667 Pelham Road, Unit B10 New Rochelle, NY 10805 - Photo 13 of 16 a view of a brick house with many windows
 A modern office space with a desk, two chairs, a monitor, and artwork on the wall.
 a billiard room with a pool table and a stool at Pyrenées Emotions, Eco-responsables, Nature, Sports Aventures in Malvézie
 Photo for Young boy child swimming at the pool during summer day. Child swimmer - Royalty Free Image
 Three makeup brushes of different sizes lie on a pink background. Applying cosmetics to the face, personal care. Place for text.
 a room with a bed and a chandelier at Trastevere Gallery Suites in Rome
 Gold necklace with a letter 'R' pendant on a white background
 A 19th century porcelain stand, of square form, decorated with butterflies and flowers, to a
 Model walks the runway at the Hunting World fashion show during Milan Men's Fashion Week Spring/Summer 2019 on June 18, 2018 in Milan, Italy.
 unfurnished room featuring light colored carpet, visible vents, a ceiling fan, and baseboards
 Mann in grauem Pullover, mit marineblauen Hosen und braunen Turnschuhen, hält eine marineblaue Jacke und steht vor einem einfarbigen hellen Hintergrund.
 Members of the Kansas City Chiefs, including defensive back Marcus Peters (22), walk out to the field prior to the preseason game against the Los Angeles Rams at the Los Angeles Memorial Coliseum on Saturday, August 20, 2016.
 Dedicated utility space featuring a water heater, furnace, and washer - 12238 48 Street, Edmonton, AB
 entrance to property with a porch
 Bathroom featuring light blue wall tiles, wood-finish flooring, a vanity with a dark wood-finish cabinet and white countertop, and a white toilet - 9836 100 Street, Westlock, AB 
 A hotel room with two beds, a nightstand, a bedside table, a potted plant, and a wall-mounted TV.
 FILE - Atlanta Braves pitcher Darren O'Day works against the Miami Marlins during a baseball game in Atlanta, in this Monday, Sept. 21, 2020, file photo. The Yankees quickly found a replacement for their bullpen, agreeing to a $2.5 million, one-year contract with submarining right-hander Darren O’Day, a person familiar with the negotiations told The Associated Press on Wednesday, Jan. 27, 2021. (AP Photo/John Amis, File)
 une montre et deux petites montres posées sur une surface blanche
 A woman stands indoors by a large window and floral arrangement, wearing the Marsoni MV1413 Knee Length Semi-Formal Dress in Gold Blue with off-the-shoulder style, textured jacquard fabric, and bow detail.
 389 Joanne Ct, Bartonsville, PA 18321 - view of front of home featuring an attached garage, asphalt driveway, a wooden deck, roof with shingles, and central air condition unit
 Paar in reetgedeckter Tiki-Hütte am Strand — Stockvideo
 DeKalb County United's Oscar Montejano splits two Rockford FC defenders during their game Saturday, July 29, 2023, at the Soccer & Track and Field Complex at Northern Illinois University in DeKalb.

****

Within the material above, the line with "unfurnished room featuring" opens the range and the line with "A hotel room" closes it; reproduce that range word for word.

 unfurnished room featuring light colored carpet, visible vents, a ceiling fan, and baseboards
 Mann in grauem Pullover, mit marineblauen Hosen und braunen Turnschuhen, hält eine marineblaue Jacke und steht vor einem einfarbigen hellen Hintergrund.
 Members of the Kansas City Chiefs, including defensive back Marcus Peters (22), walk out to the field prior to the preseason game against the Los Angeles Rams at the Los Angeles Memorial Coliseum on Saturday, August 20, 2016.
 Dedicated utility space featuring a water heater, furnace, and washer - 12238 48 Street, Edmonton, AB
 entrance to property with a porch
 Bathroom featuring light blue wall tiles, wood-finish flooring, a vanity with a dark wood-finish cabinet and white countertop, and a white toilet - 9836 100 Street, Westlock, AB 
 A hotel room with two beds, a nightstand, a bedside table, a potted plant, and a wall-mounted TV.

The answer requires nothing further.